> _Entries supplied_
————
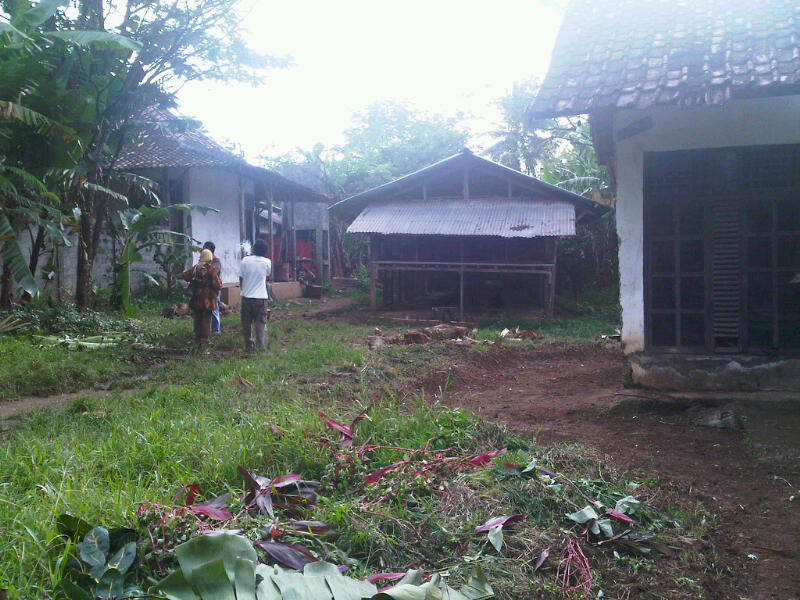 TANAH,PETERNAKAN AYAM & BEBEK  KASKUS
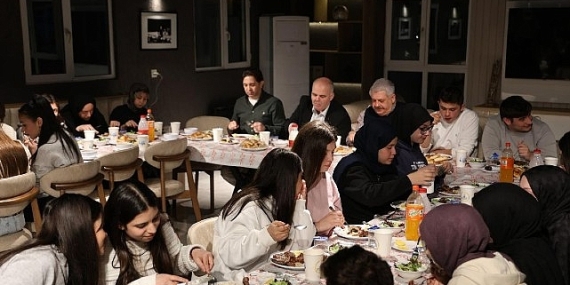 Kartepe’de “Bir Sofra Bir Hikâye” Buluşmaları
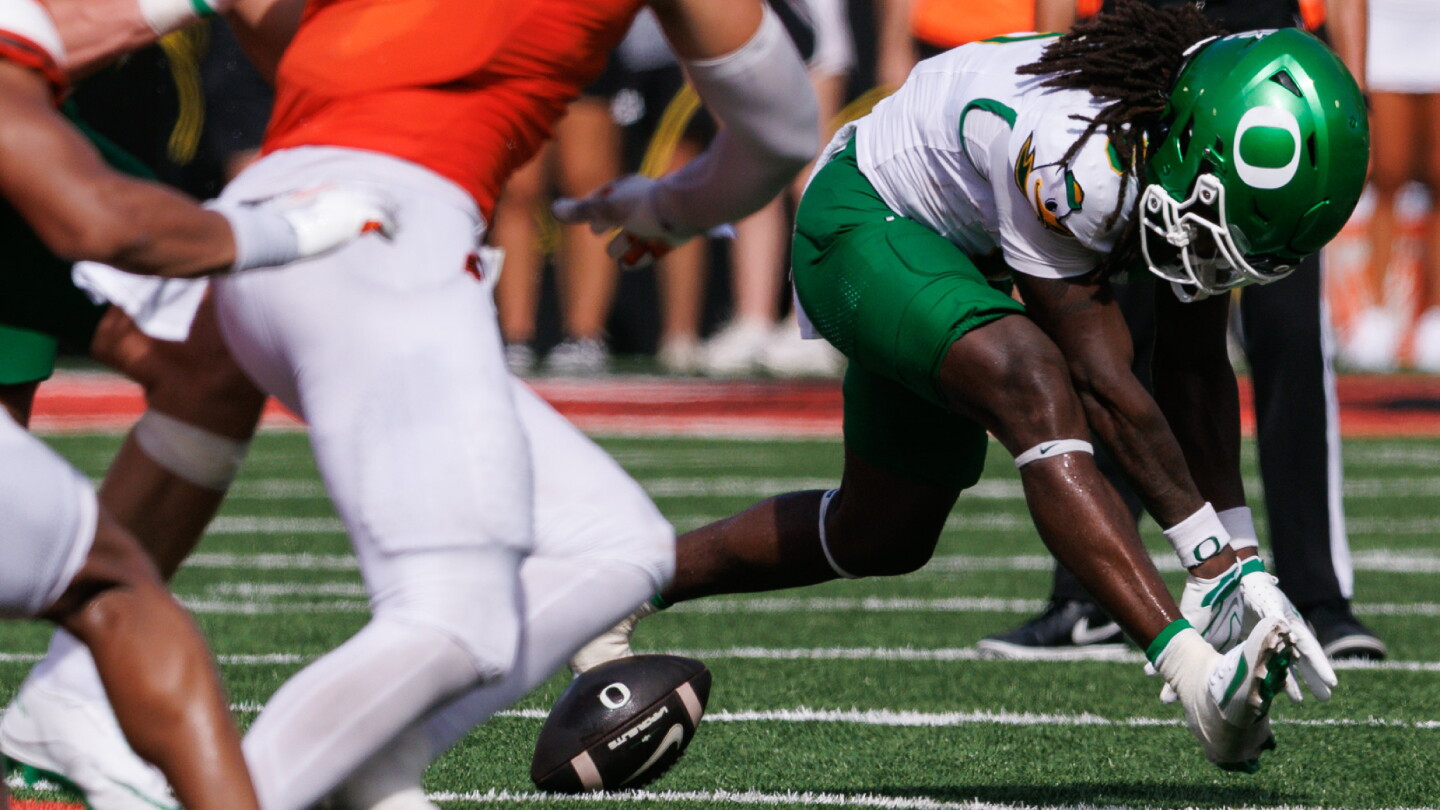 Photo: nbcsports.com NCAA Football: Oregon at Oklahoma State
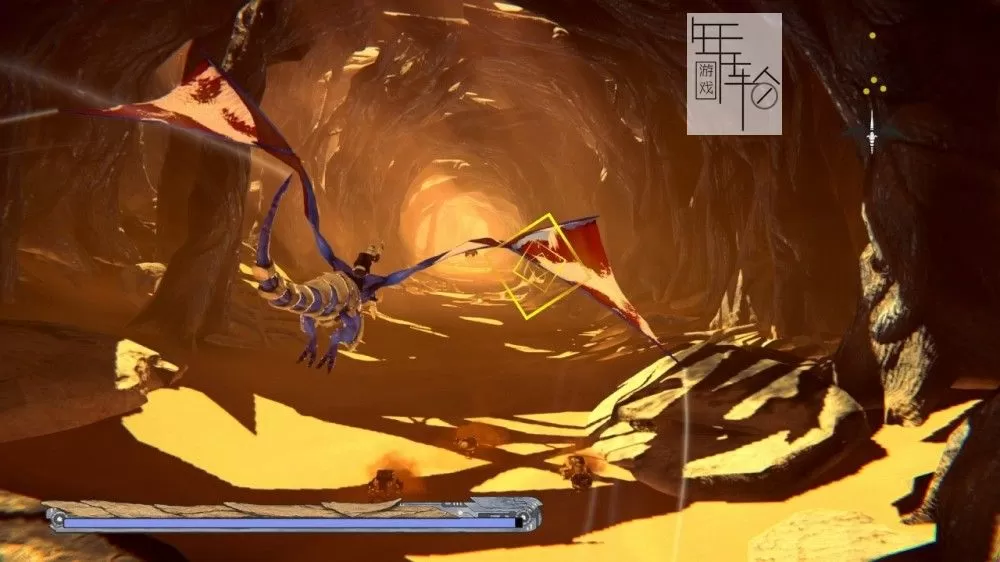 【5.05】PS4《铁甲飞龙 重制版 Panzer Dragoon Remake》中文版PKG下载（v1.04）-4.jpg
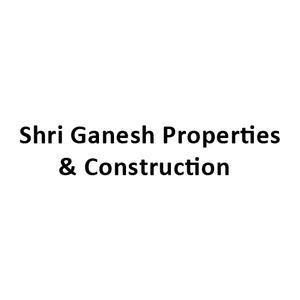 Shri Ganesh Properties & Construction logo
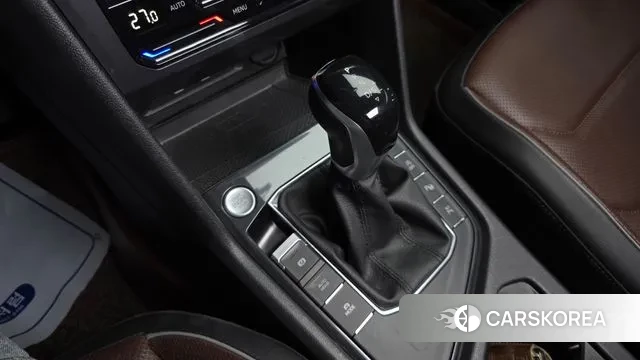 Volkswagen Tiguan Allspace id 3649879 из Кореи 19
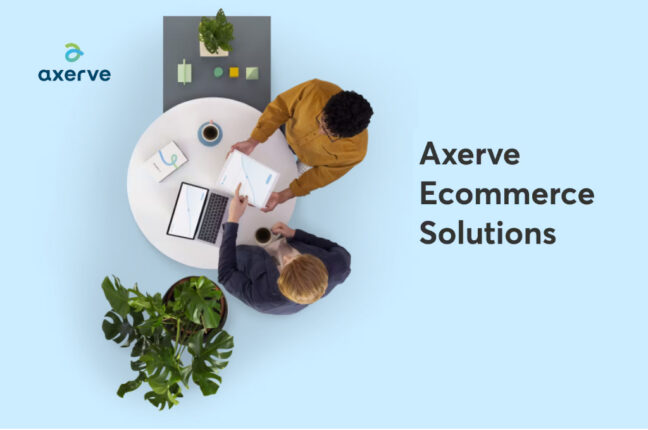 Axerve soluzioni e-commerce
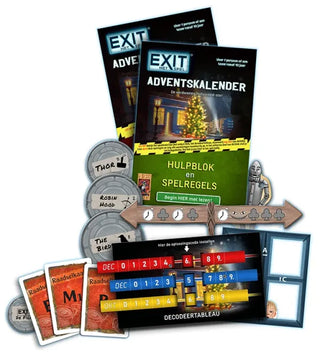 Exit: Adventskalender: De verdwenen Hollywood-ster - De Dondersteen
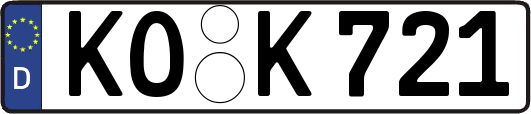 KO-K721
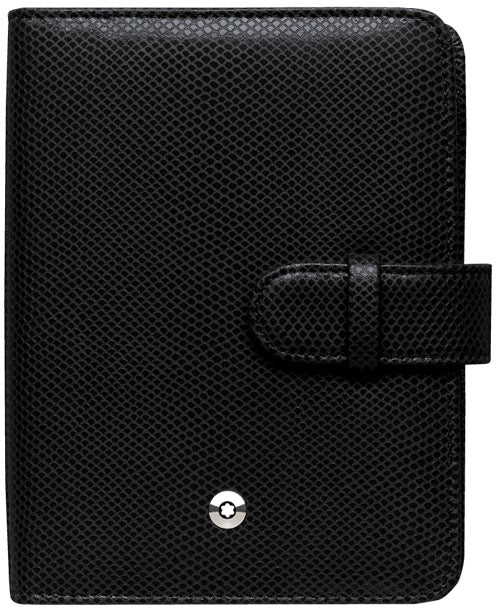 MONTBLANC Mod. BOHEME  BLACK - Notebook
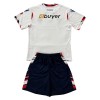 Jalkapallo Fanipaita Bolton Wanderers Kotipeliasusetti 2025-26 - Lapset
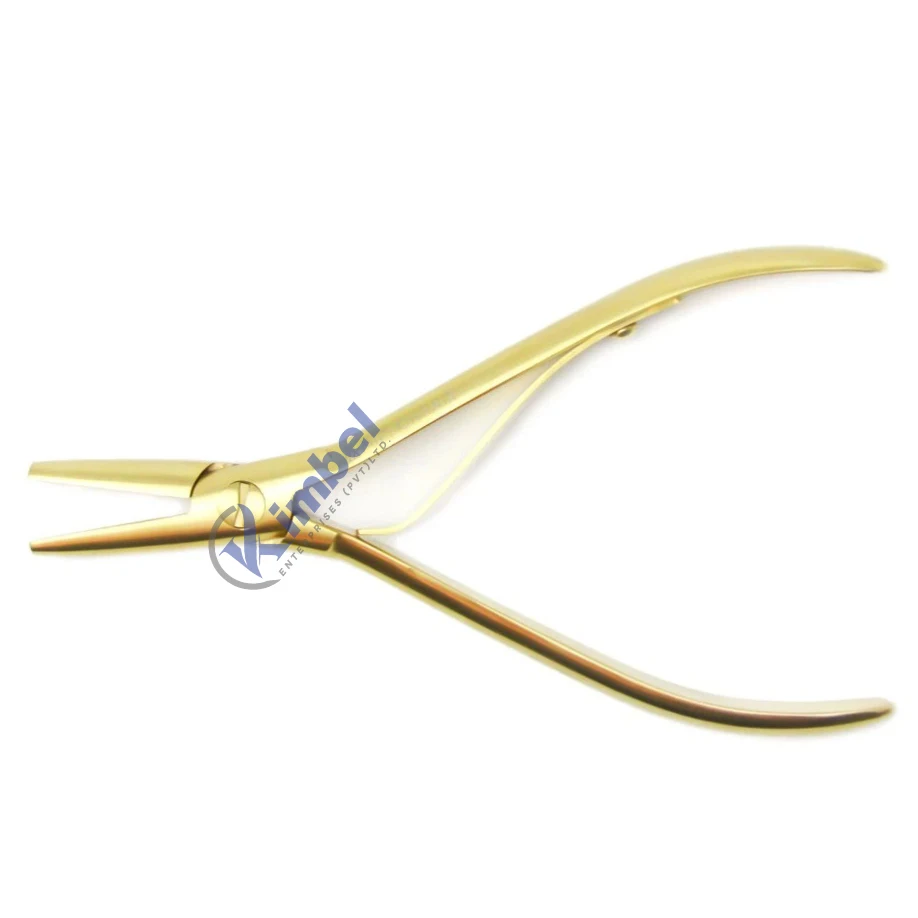 Hair Extension Plier , Black Matte Hair Extension Tools Beauty Tools Hair Care Tools BY Kimbel In Bulk Quantity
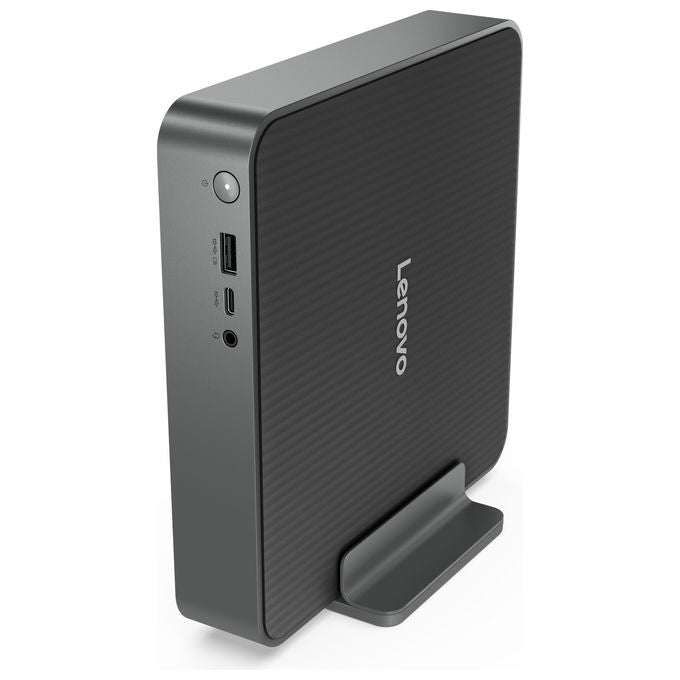 Lenovo 91B20038YD IdeaCentre Mini Desktop Mini PC Intel Core 5 16GB 512GB SSD Windows 11 Home colore Grigio
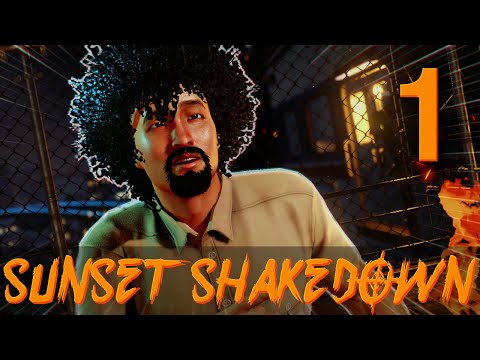 [1] Sunset Shakedown (Let's Play Sunset Overdrive w/ GaLm)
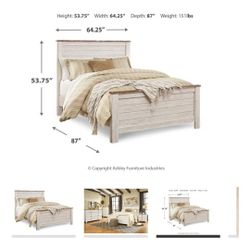 Queen Bed Frame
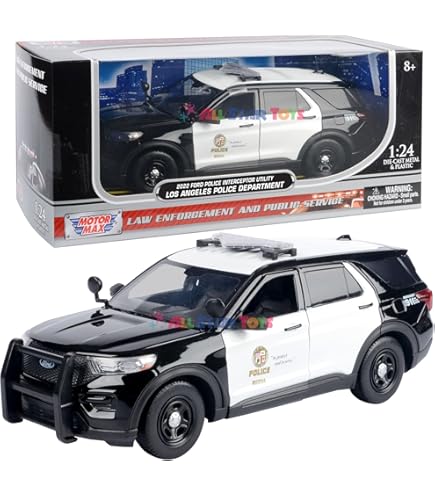 【改造】1/64 グリーンライト LAPD FORD explorer3台セット 改造】1/64 グリーンライト LAPD FORD explorer3台セット 1:64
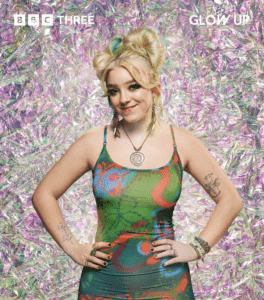 Glow up season 6 contestant - ella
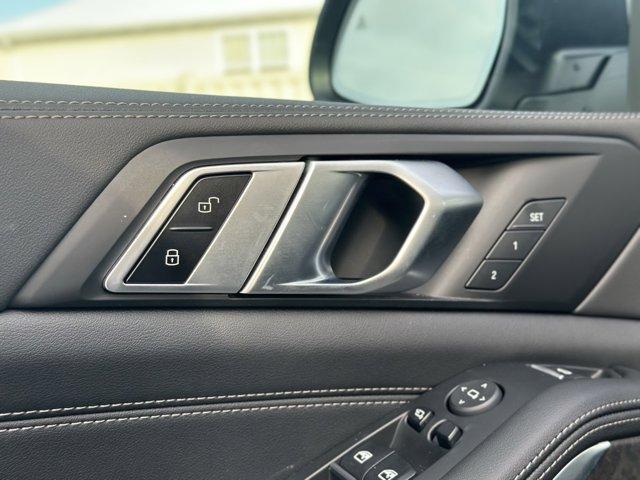 used 2024 BMW X5 car, priced at $65,980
————
> _What you should do_
What you need to produce is an exact copy of the entries above, limited to the lines from the one with "Axerve soluzioni e-commerce" up to and including the one with "Hair Extension Plier", without pictures.

> _Reply to the task_
 Axerve soluzioni e-commerce
 Exit: Adventskalender: De verdwenen Hollywood-ster - De Dondersteen
 KO-K721
 MONTBLANC Mod. BOHEME  BLACK - Notebook
 Jalkapallo Fanipaita Bolton Wanderers Kotipeliasusetti 2025-26 - Lapset
 Hair Extension Plier , Black Matte Hair Extension Tools Beauty Tools Hair Care Tools BY Kimbel In Bulk Quantity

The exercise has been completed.